616pp/$26.95/July 2006

Settling Accounts:  The Grapple

Reviewed by Steven H Silver


After taking it on the chin through Return Engagement and Drive to the East, the United States is finally able to get back some of its own in Settling Accounts: The Grapple, the third and penultimate volume in the Settling Accounts series.  This rethinking of World War II follows on Harry Turtledove's lengthy re-envisioning of American history from 1862 in How Few Remain, The Great War, and American Empire series.

The main thrust of this novel follow the United States Army, led by General Irving Morrell, as it first tries to push the Confederate forces out of Ohio and then down through Kentucky, Tennessee, and into Georgia.  Other story lines follow the conflict between Jefferson Pinkard, trying to murder negroes at Camp Determination in West Texas while the US under Abner Dowling is trying to capture the camp to use as a propaganda tool.  In Washington and Richmond, Flora Hamburger Blackwood and Jake Featherston continue to provide behind the scenes insight into their respective governments.
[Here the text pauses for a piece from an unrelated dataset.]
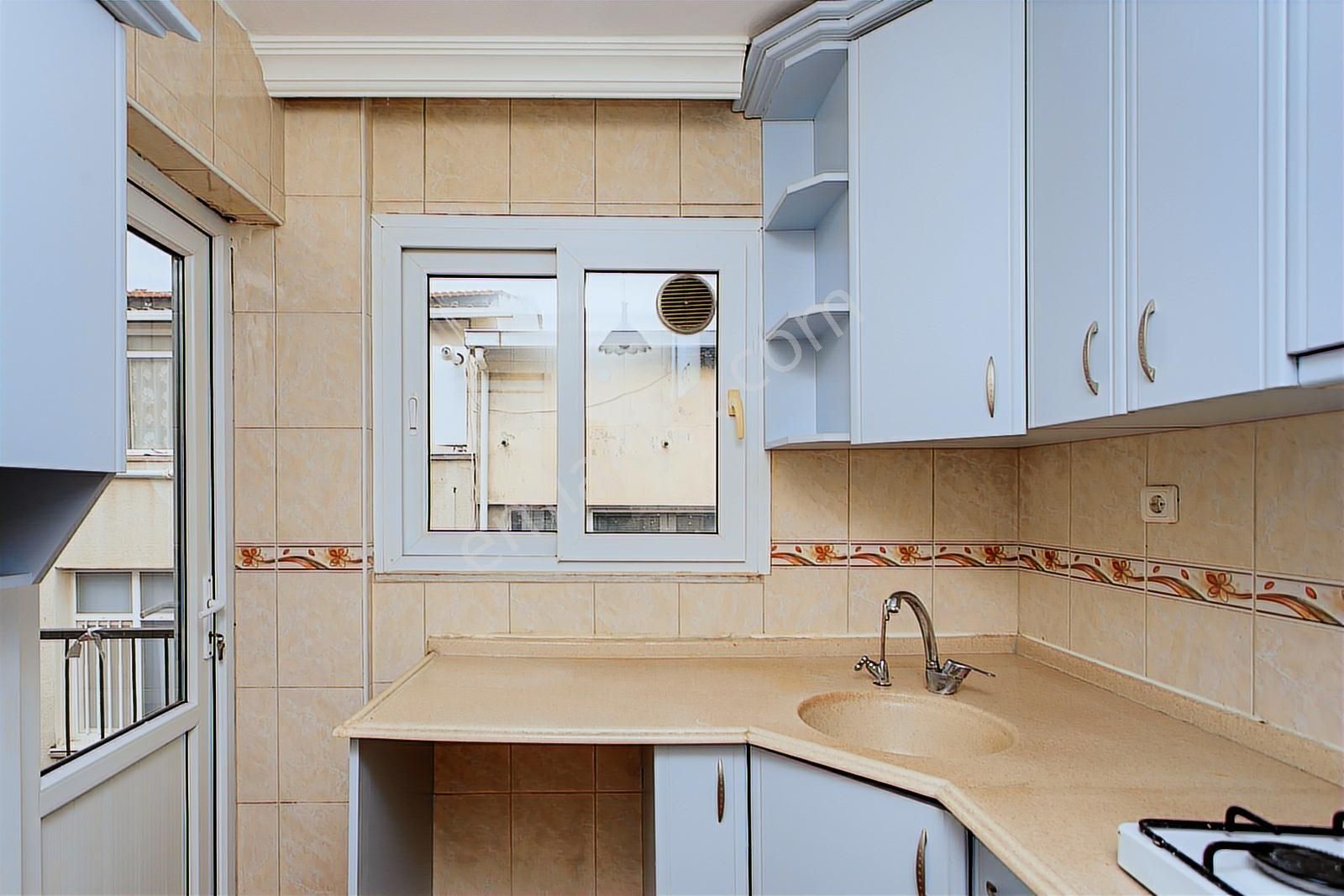 Karşıyaka Alaybey'de Kiralık Denize Yakın 3+1 Daire - Görsel 23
In fact, Turtledove's cast of characters has grown so vast, a scorecard is needed at times.  The theaters of activity have continued to grow and change.  Turtledove often kills off one character in order to replace them with a related character, either in the same area, or related in some fashion.  As in the previous novels, several of Turtledove's viewpoint characters do not manage to make it to the end of The Grapple.

While in previous novels in the series, the characters have focused their attention on the here and now, in The Grapple, more and more of the characters are beginning to wonder about the world they will live in after the war. This may be an indication that the war itself will end early in In at the Death, although the action at the end of The Grapple seems to indicate otherwise.
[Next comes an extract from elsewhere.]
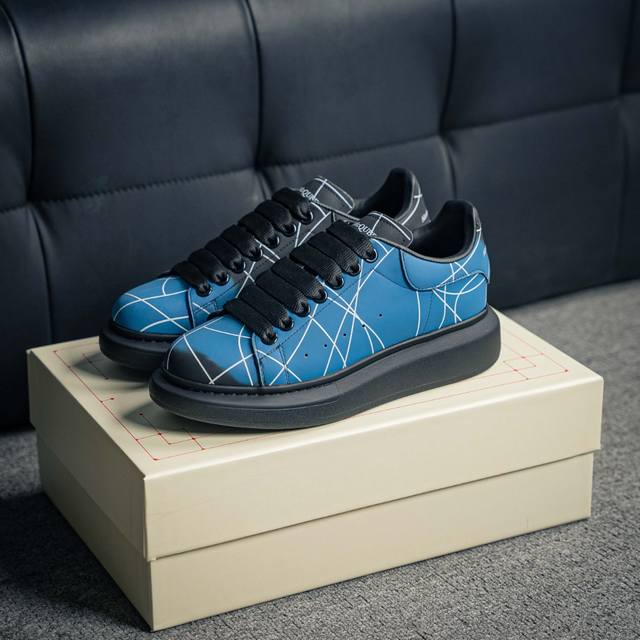 核心私 Alexander Mcqueen 亚历山大麦昆 松糕鞋厚底增高小白鞋 垫脚 回弹度到位 耐磨又舒适 鞋底厚 尺码：35 36 37 38 39 40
Given how much of the novel is spent looking at the tactical aspects of the war, Turtledove also manages to show a significant amount of the world outside the war:  Major Leonard O'Doull visits his home in Rivière-du-Loup for his son's wedding, George Enos, Jr. manages to get leave long enough to visit his wife in Boston, and the citizens of Snyder, Texas come face to face with the atrocities of Camp Determination. These moments are welcome as they show the way the war reaches those who aren't actively taking part in it, although more civilian point of view characters would have been welcome.

There is an excitement about The Grapple as the novel and the series builds towards a crescendo.  The war has reached a strange point where it appears the outcome is inevitable, but the Confederacy's Jake Featherston, as well as author Harry Turtledove, both appear to have surprises in store for the reader. While some of Turtledove's subplots naturally come to conclusions in The Grapple, others are continued or even ignored throughout the novel.  Turtledove provides reminders of all these subplots, even when they don't appear to be moving forward, and he introduces new plots as well.
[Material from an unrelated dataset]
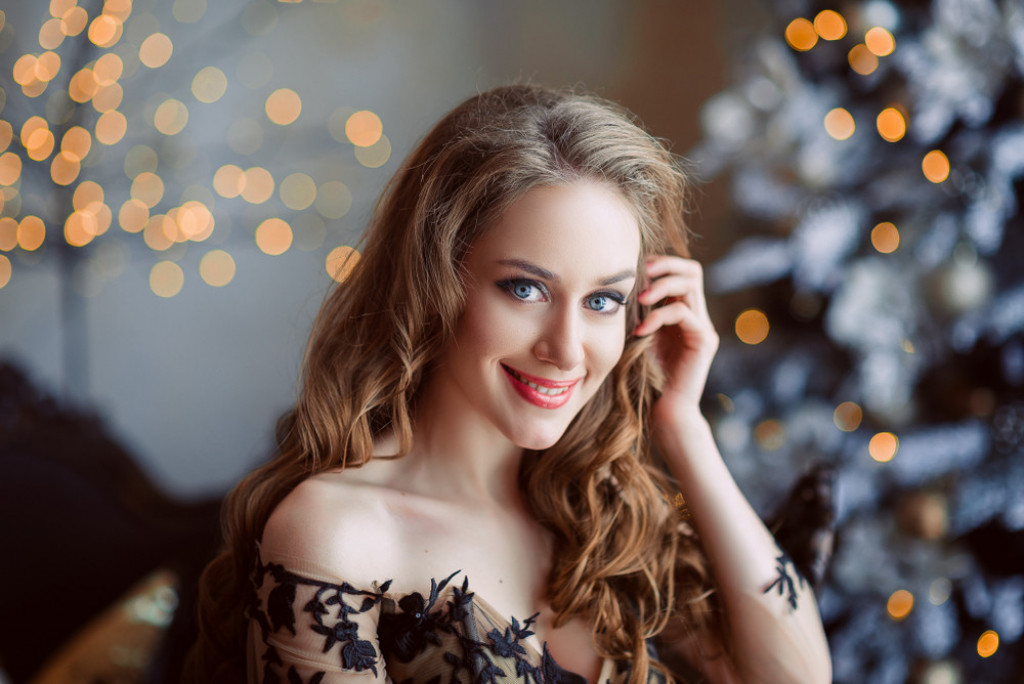 Devojka, srećna, nasmejana, osmeh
While Turtledove appears to be promising an end to the war in the next installment, it would be nice to know that the series will tackle the more difficult issues of what happens after the war when the US and the Confederacy must live side by side in peace, or the US must rule over the Confederacy as an occupied territory.  Turtledove provides a hint of this with US President Charles La Follette's desire to see states readmitted to the US as they are captured from the Confederacy, but it is clear that such a plan has its own inherent dangers.

The Grapple is one of the strongest books in the extended series Turtledove began with How Few Remain.  Many of the characters and situations he introduced throughout the previous nine novels are finally coming to fruition and paying the reader back for the time spent moving through the world of the Confederacy and the strange US which isn't our.